WHAT IS NEEDED – Below are some records. Write out exactly their lines from the one with "I would be delighted" through the one with "Now suppose x", and leave the pictures behind.

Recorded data
|---|

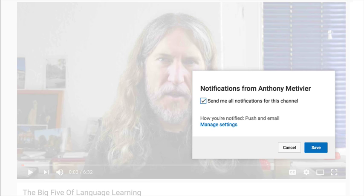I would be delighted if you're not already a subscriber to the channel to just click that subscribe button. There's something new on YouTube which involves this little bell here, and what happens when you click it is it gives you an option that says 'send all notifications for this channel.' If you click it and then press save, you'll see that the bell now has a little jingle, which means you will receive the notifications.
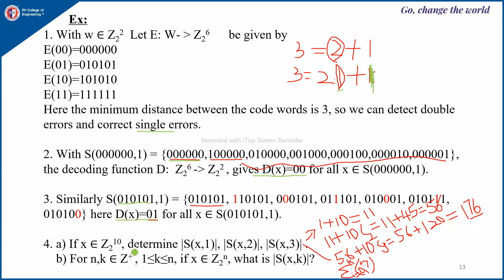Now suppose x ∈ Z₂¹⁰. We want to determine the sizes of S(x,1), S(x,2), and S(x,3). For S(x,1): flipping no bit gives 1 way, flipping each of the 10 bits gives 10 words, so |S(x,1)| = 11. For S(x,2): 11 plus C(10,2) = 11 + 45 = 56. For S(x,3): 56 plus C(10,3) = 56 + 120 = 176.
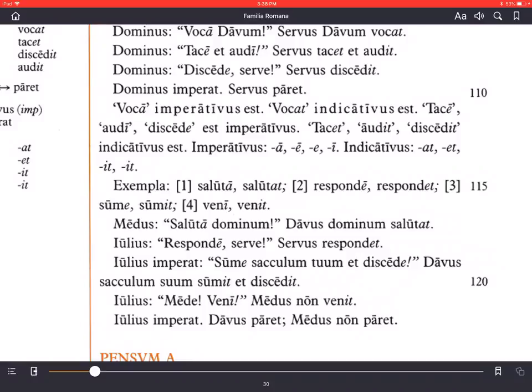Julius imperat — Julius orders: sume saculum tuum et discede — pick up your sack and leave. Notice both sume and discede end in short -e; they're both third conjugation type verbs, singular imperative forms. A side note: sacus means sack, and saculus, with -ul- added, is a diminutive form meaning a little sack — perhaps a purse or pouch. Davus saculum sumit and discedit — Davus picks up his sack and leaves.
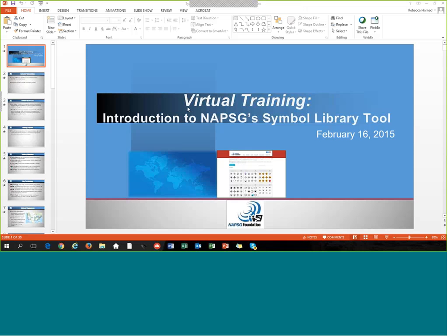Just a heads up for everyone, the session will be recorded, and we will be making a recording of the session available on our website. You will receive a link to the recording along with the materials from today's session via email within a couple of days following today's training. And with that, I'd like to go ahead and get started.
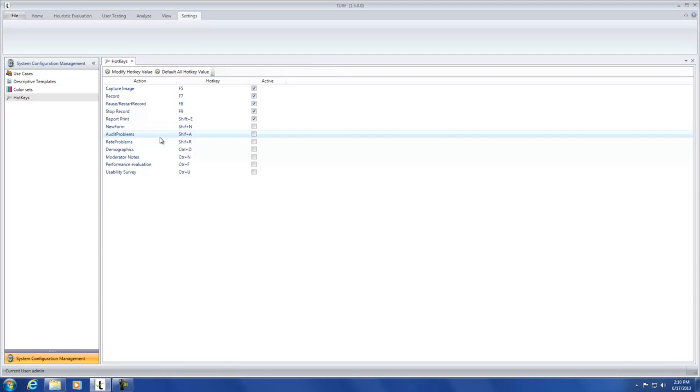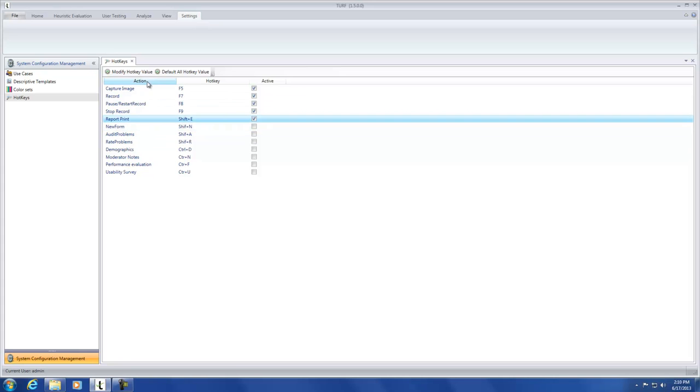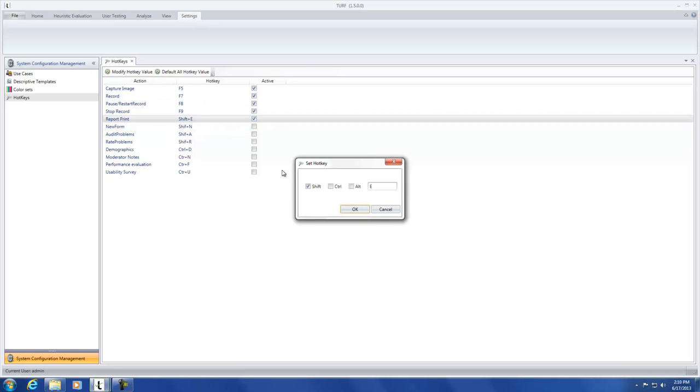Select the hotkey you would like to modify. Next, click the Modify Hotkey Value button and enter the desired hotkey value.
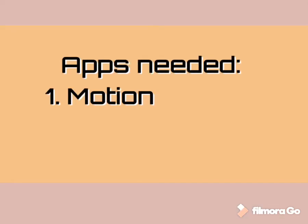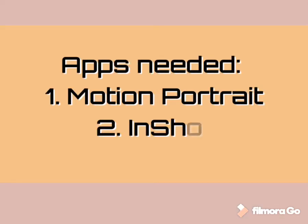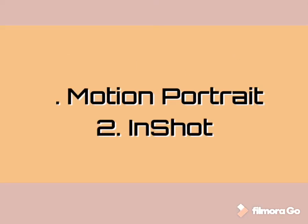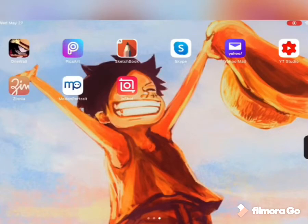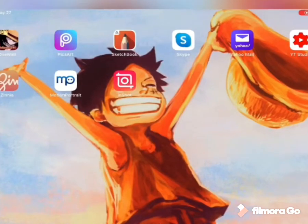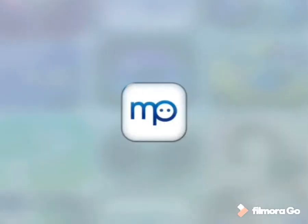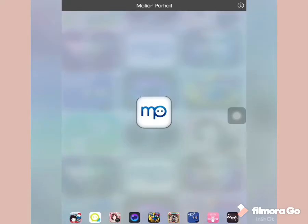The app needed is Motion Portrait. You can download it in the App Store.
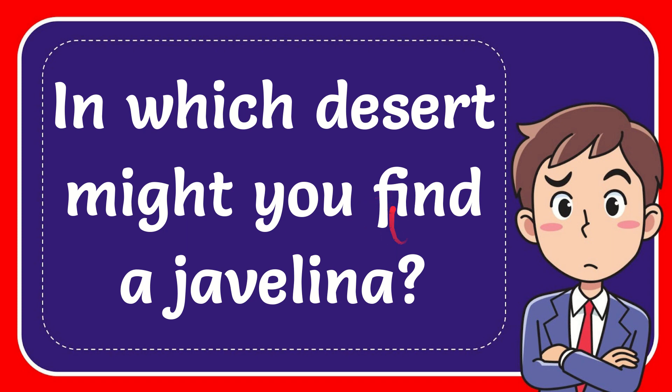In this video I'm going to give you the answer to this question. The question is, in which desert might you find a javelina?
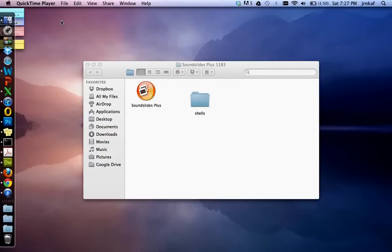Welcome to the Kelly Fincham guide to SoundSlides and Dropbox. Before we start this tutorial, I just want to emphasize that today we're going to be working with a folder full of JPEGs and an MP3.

|---|

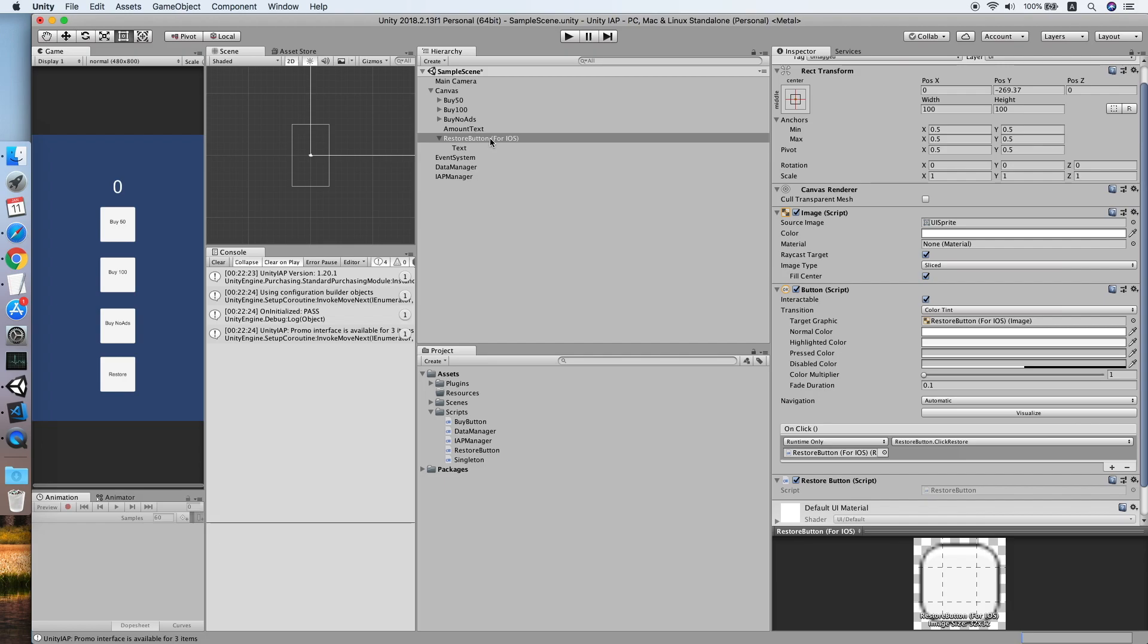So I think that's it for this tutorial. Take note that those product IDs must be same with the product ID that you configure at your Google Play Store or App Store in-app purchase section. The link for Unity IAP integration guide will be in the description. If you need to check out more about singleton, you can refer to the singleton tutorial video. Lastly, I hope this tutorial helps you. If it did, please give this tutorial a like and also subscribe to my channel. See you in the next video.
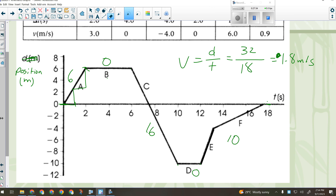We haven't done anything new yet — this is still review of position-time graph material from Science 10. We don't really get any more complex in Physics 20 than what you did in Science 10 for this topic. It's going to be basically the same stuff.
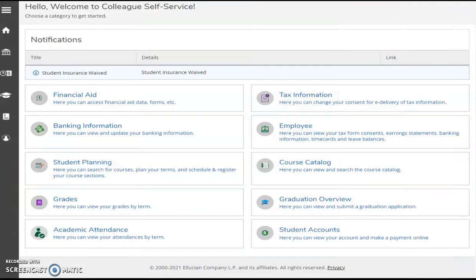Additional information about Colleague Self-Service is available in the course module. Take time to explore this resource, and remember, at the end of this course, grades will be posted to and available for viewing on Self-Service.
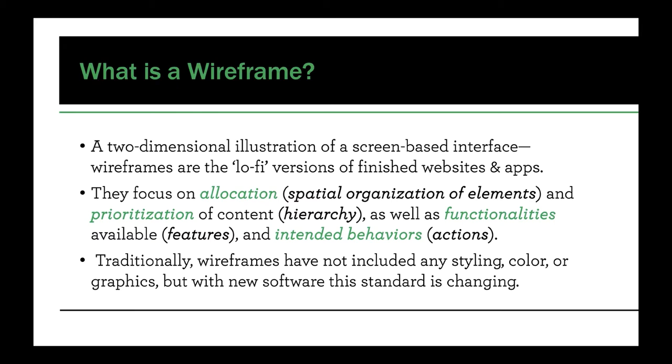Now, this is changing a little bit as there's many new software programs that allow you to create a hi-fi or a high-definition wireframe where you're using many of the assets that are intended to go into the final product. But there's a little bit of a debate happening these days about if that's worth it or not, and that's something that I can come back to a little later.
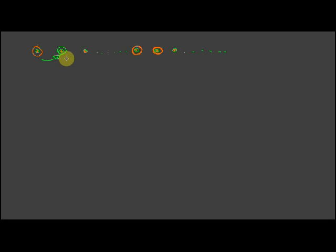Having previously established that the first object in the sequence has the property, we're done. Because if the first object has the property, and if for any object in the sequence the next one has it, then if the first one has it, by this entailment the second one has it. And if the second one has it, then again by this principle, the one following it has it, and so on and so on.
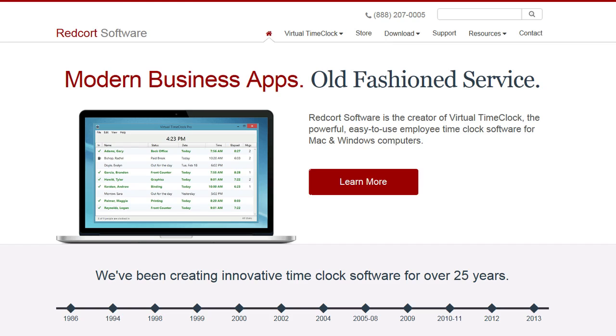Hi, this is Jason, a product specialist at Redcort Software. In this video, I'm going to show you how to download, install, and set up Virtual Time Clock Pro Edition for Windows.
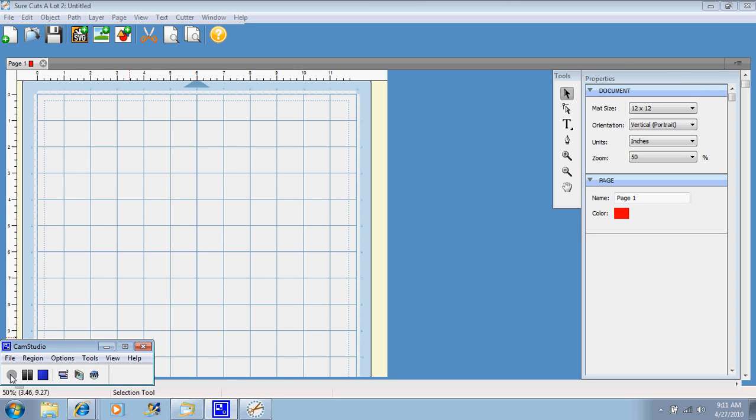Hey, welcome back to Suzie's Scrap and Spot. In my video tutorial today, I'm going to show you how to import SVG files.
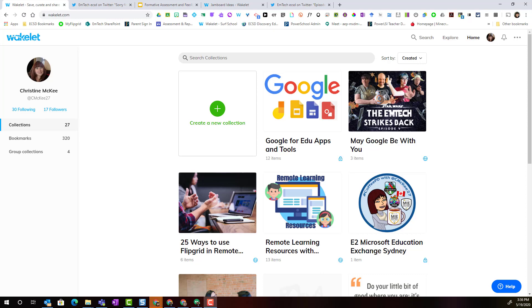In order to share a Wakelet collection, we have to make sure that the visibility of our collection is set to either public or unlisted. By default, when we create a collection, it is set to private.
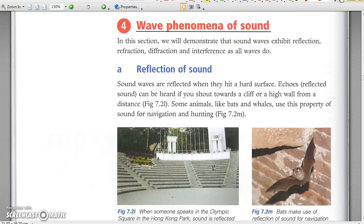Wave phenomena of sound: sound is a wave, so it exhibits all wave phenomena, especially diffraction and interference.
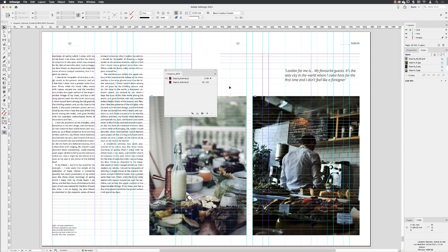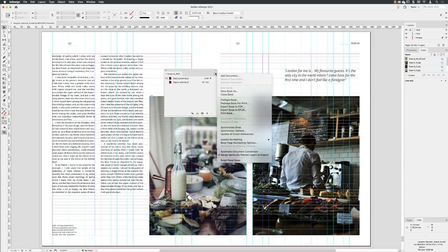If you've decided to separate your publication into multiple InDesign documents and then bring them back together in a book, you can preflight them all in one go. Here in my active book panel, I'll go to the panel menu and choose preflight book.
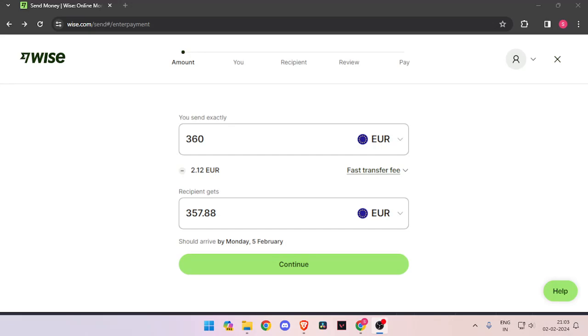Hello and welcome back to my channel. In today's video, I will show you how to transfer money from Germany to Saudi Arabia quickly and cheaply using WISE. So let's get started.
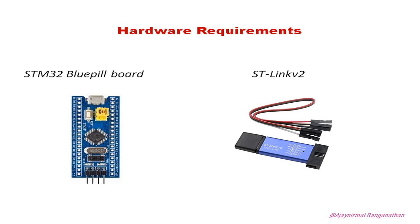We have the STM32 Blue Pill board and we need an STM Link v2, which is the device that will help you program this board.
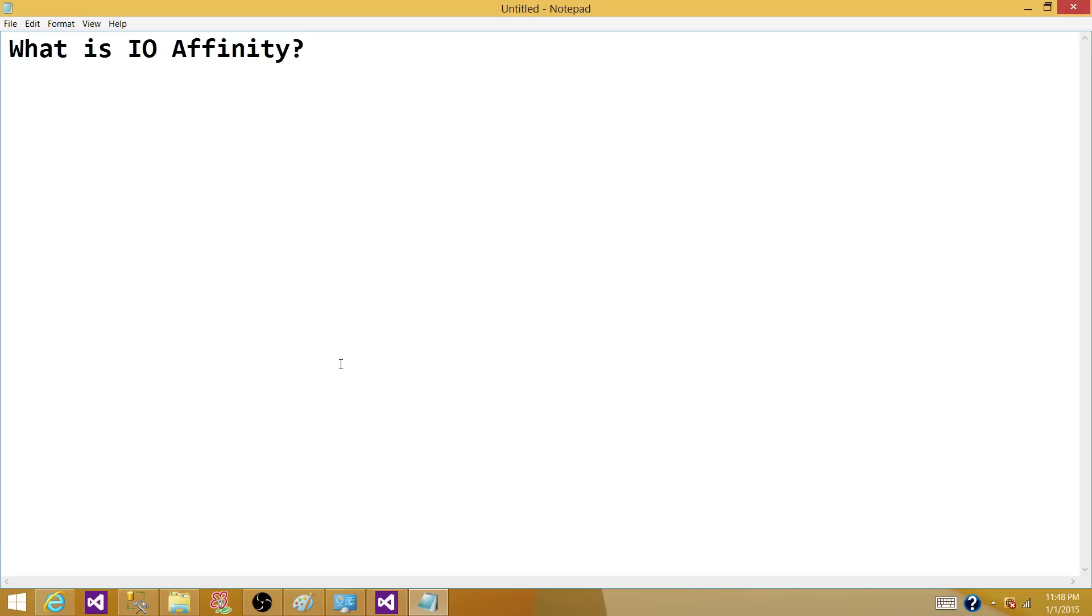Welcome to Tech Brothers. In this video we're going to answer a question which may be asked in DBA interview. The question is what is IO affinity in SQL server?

|---|

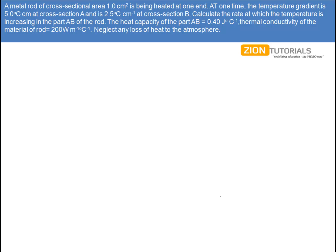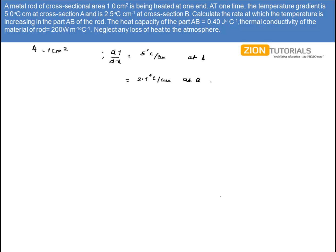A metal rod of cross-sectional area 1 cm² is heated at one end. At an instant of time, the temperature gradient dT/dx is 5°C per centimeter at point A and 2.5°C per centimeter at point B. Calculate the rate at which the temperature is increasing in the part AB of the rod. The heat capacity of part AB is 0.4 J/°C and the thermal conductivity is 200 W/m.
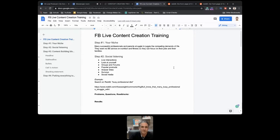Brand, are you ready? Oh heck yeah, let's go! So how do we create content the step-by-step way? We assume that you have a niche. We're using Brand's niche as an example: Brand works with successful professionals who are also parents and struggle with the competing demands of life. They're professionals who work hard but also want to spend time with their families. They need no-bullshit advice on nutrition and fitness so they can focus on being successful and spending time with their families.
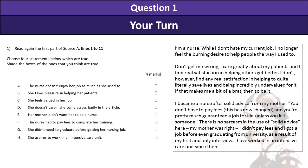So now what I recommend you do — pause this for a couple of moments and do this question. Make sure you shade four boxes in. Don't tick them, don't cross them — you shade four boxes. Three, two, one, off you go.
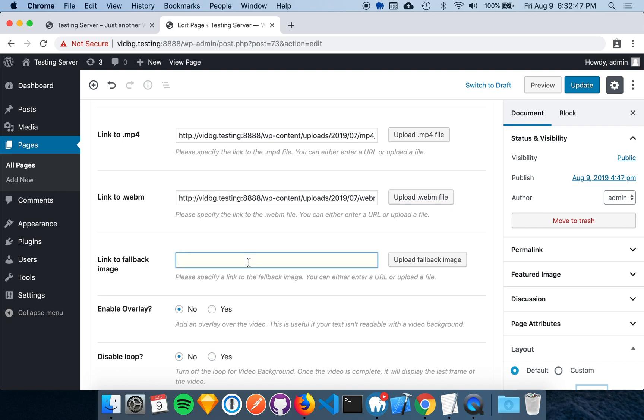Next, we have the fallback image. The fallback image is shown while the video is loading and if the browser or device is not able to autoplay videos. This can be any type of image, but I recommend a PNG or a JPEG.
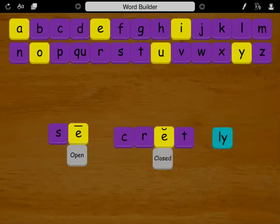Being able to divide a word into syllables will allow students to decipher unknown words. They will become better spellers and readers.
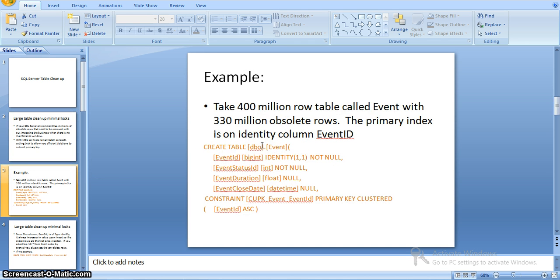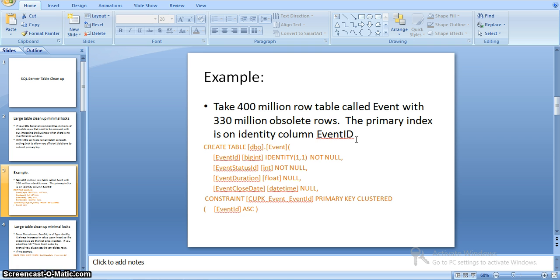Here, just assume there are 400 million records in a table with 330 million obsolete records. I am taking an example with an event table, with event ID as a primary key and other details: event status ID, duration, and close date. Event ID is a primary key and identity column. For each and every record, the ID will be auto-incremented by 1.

|---|

OUTPUT OF THE EXERCISE –
I would be delighted if you're not already a subscriber to the channel to just click that subscribe button. There's something new on YouTube which involves this little bell here, and what happens when you click it is it gives you an option that says 'send all notifications for this channel.' If you click it and then press save, you'll see that the bell now has a little jingle, which means you will receive the notifications.
Now suppose x ∈ Z₂¹⁰. We want to determine the sizes of S(x,1), S(x,2), and S(x,3). For S(x,1): flipping no bit gives 1 way, flipping each of the 10 bits gives 10 words, so |S(x,1)| = 11. For S(x,2): 11 plus C(10,2) = 11 + 45 = 56. For S(x,3): 56 plus C(10,3) = 56 + 120 = 176.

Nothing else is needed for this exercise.